Opowiedziałam im wszystko. O tym, co czułam do szatyna, o Rose, o naszej przyjaźni.. O wszystkim.
Było mi lżej. Cieszyłam się, że im to powiedziałam. Dziewczyny mnie zrozumiały.
-Czyli jeśli on zerwał z Rose.. - zaczęła Fran - to może byś mu wszystko powiedziała? Dajcie sobie szansę..- mówiła z radością.
-Nie.. On przecież nic do mnie nie czuje. Wyszłabym na idiotkę. - wytłumaczyłam.
-Nie byłabym tego taka pewna... - powiedziała Ludmi. Spojrzałam na nią ze zdziwieniem.
-Nie rozumiem.. - rzekłam
-Kiedy przyjechałaś, Leon bardzo się zmienił. - tłumaczyła - Do czasu, kiedy Rose tutaj nie było, cały czas patrzył na ciebie takim wzrokiem.. - ucięła.

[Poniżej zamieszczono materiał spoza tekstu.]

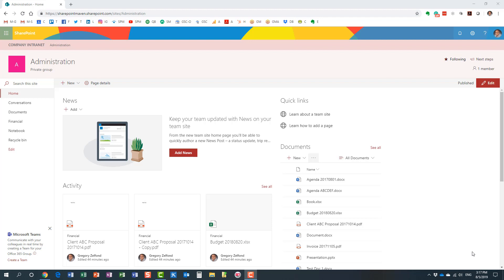Today I would like to explain the four different levels of SharePoint search that are available to you. Level one is the library level, level two is the site level, level three is the hub level, and level four is global SharePoint search. Let me give you a brief demo and explain each of these levels.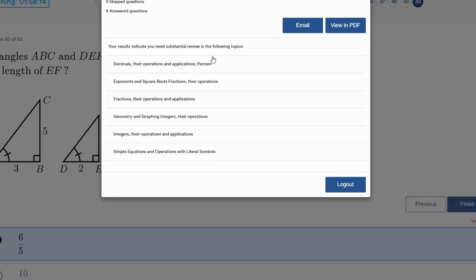After the exam, a pop-up window will list topics you might want to review before coming to campus in the fall, if this was your attempt at the MPE. Or, if this was your MPE preparation, this list will provide you with the topics to review before taking the MPE.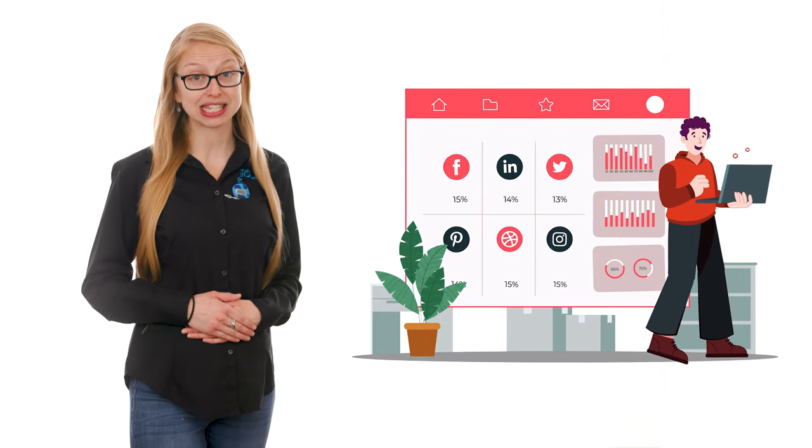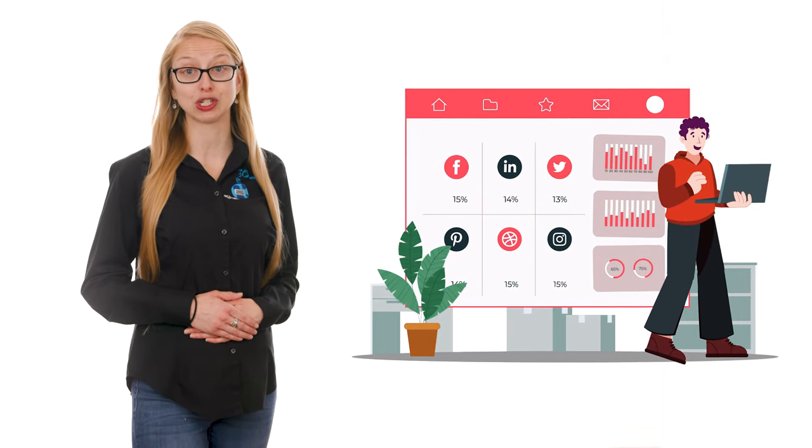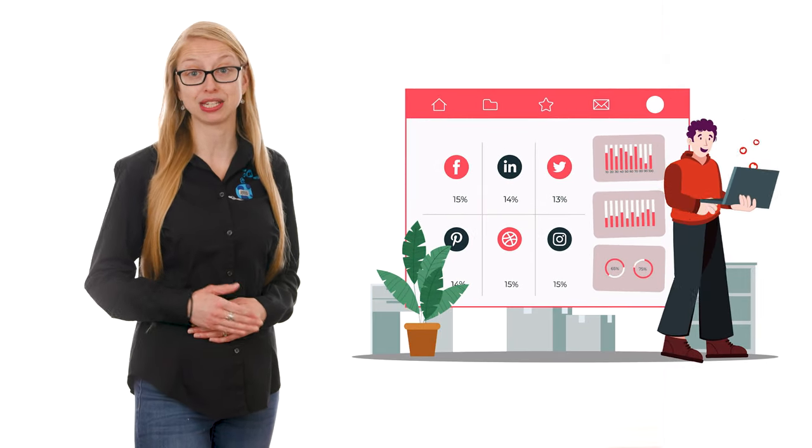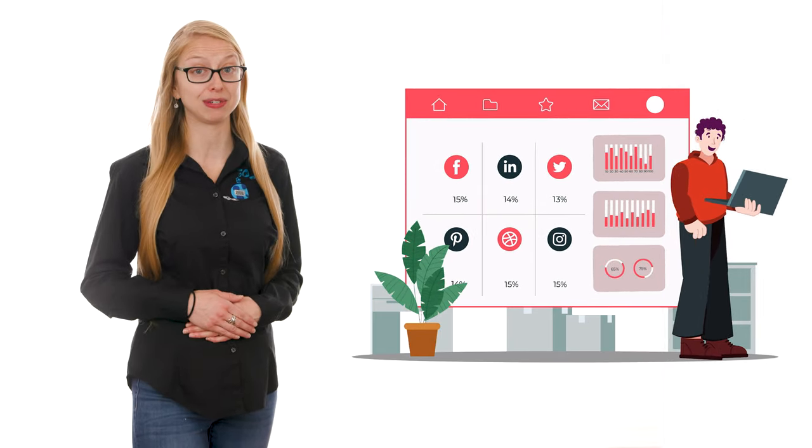90% of users are watching videos on silent at first on social media apps like Instagram, TikTok, and LinkedIn.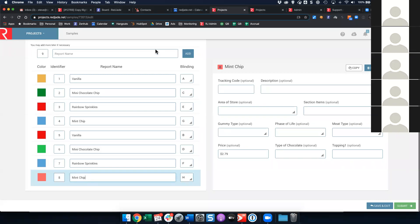Today we're going to talk about product concept testing. In the first meeting when I was showing how to do home use testing, one of the options I walked through in packing slip testing was a concept test. I got several emails asking if I could go into a little more detail and show how that would work with products. My talking time should be limited to about 10 minutes — a pretty quick overview — and I'll show a few tips and tricks as we go.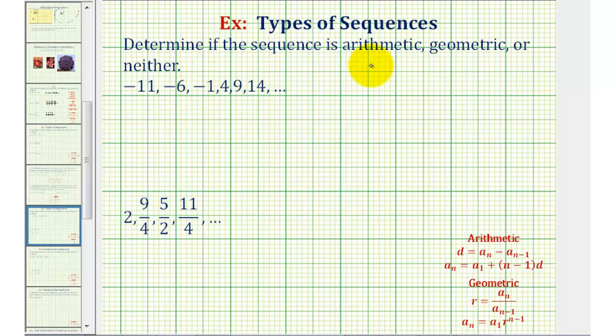We're given several terms in a sequence and asked to determine if the sequence is arithmetic, geometric, or neither.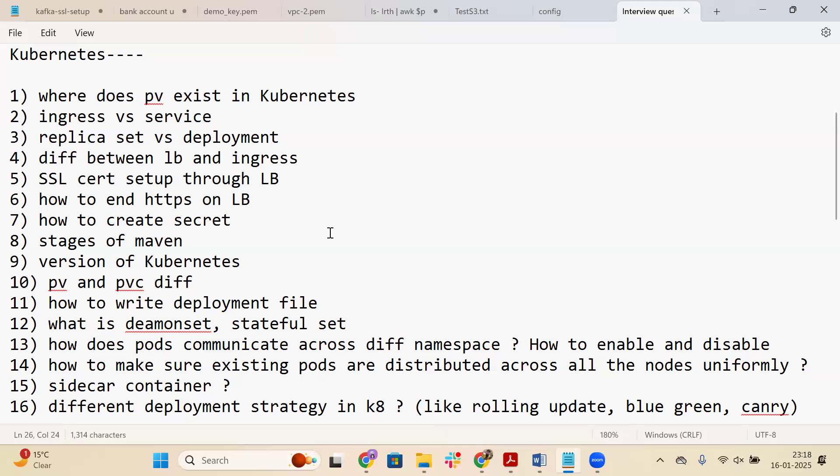There are also questions about stages of a deployment pipeline — test, build, deploy, package, and other stages. Interviewers may also ask which version of Kubernetes you have used, such as 1.24 or 1.27. Question ten is: what is the difference between PV and PVC? PV exists at the cluster level, while PVC is within a namespace and can be associated directly with a pod. Based on the PVC configuration, a new PV can be created or an existing PV can be utilized.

-Jakim wzrokiem? - dopytywałam.
-Jakbyś była bardzo cenna, cała ze złota, najważniejsza dla niego. Jakby jego spojrzenie mogło ochronić cię przed złem... - kiedy Ludmiła to mówiła, moje serce zaczęło szybciej bić. Czy on mógł do mnie coś czuć? Czy fakt, że Rose wróciła do Buenos Aires zmusił go do powrotu do niej?! Może on czekał na mój  ruch?! Przed oczami pojawiły mi się wszystkie chwile spędzone z szatynem..moment , w którym byliśmy tak blisko..kiedy czułam na sobie jego oddech..Ach!
-Ja już sama nie wiem.. - szepnęłam.
-Violetto, decyzja należy do ciebie.- zaczęła Naty - Ale chyba każda z nas uważa, że ty i Leon pasujecie do siebie.
Zaśmiałam się z bezradności. Każda opcja była zła. Każda niosła za sobą ból. Powiem Verdasowi o moich uczuciach do niego, a on nic do mnie nie będzie czuł - ból. Nic mu nie powiem, będę nosiła to w sobie, patrzyła na jego szczęście z inną dziewczyną - ból.
Nie wiedziałam co mam zrobić. Chciałam się poddać, zamknąć w pokoju i nigdy nie wychodzić.

Po kilku minutach wróciłyśmy do szkoły. Idąc, napotkałam Rose. Dziewczyna szła w moją stronę. Myślałam, że mnie wyminie...Ona jednak szła, pewna siebie, z szyderczym uśmiechem na twarzy. Uh! Jak ja jej nie lubię. Wydawała się miła.. Chociaż, ja pewnie też bym tak się zachowywała, gdyby jakaś dziewczyna rozwaliła mi związek z takim ciachem..
Przesunęłam się w lewo, bo dziewczyna szła ze mną na czołówkę. Dzięki temu zderzyłyśmy się tylko ramionami.

Kiedy doszłyśmy do sali, napotkałyśmy Leona, Diego i Maxiego, którzy stali przy wejściu.
Dziewczyny cały czas patrzyły się na szatyna. To wyglądało co najmniej dziwnie. Odchrząknęłam wiec głośno, dzięki czemu spojrzały na mnie.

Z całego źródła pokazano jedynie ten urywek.